Many of the stories of the wandering of these people are most likely fanciful. But managing such a huge group would have been an enormous task.
It is an article of our faith that God gave Moses the 10 Commandments. Even if you reject this, these commandments would have formed the basis for a legal system.
The Commandments are: 1 Don't worship any other god, 2 Don't worship any idol, 3 Don't abuse the name of God, 4 Rest one day in seven, 5 Honor your father and mother, 6 Don't kill, 7 Don't commit adultery, 8 Don't steal, 9 Don't lie about other people, 10 Don't covet others goods or relationships.
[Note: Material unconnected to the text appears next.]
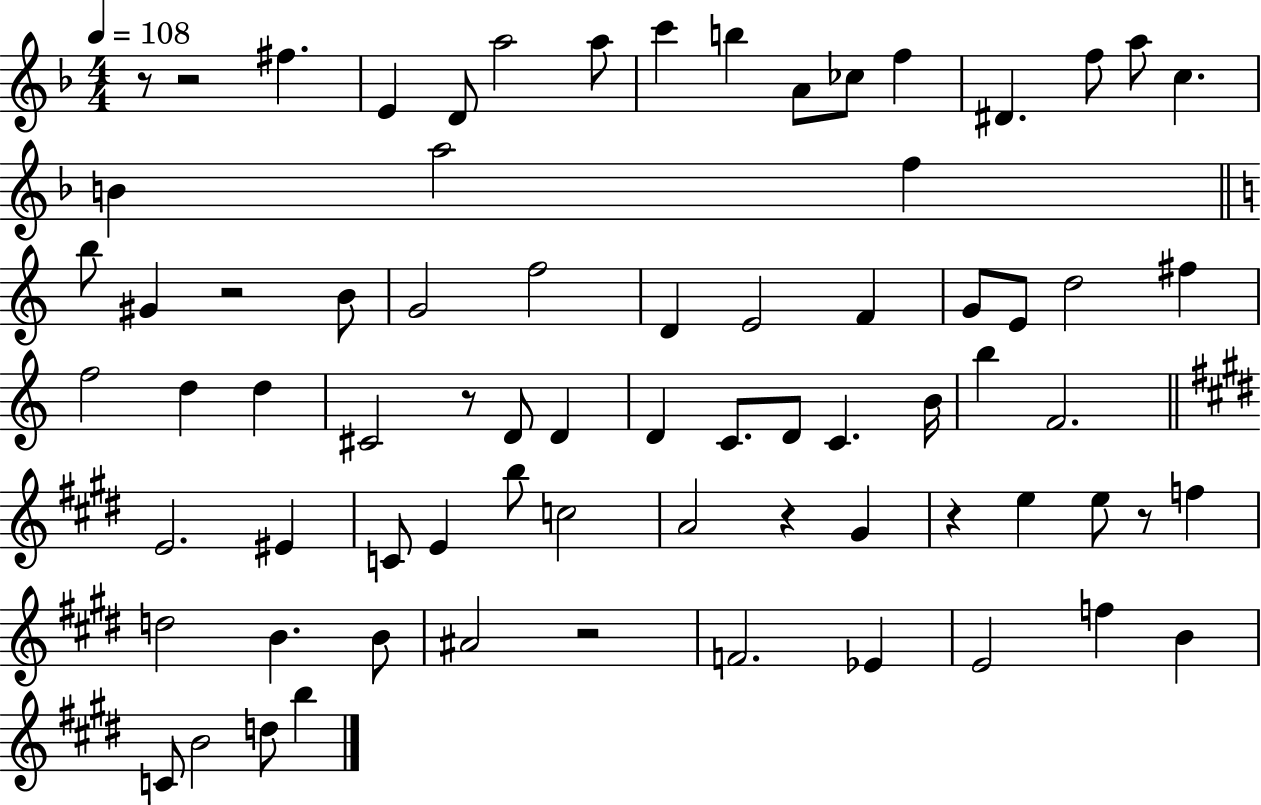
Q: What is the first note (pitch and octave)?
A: F#5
The immediate problem here is the 6th commandment. Removing the authority to kill removes from governments a central point of their power. They cannot wage war. They cannot kill those that don't conform to their authority.
So, what we have is a huge number of people of diverse backgounds, nominally under the authorty of a legal code based upon 10 Commandments.
One of the first tasks would have been to create social cohesion. To establish they they need a common history and herritage. They all had come from Egypt, but had rejected it. It is concievable that they would have accumulated their traditions and stories. This explains the Book of Genesis. It explains why the story of Lot, for example, is so out of keeping with the themes of other stories.
In the 1500 or so years between Moses and Jesus, the laws were clearly adapted, especially to allow for killing in defiance of the 6th Commandment.
However, when we read the teachings of Jesus we find that He repeatedly emphasised the absolute nature of these laws. He expanded them and clarified others. The 3rd for example, has been clarified to forbid us from judgeing each other.
The teachings of Jesus indicate that the various laws in the interviening period, for the most part, are invalid. Many involve killing while most involved judging each other. But the intent of the original Commandments, as clarificed by Jesus, suggests that none of us have the authority to judge and each of us is responsible for our own souls.
What this demonstrates is that God did not change from being vengful to being kind. God is what He is. The interpertation of the nature of God and the imposition of His supposed will changed and does so continuously.
Those that, even today, claim authority to kil, to judge and condemn are not following Jesus teachings at all.
They are either politically motivated or are being misled.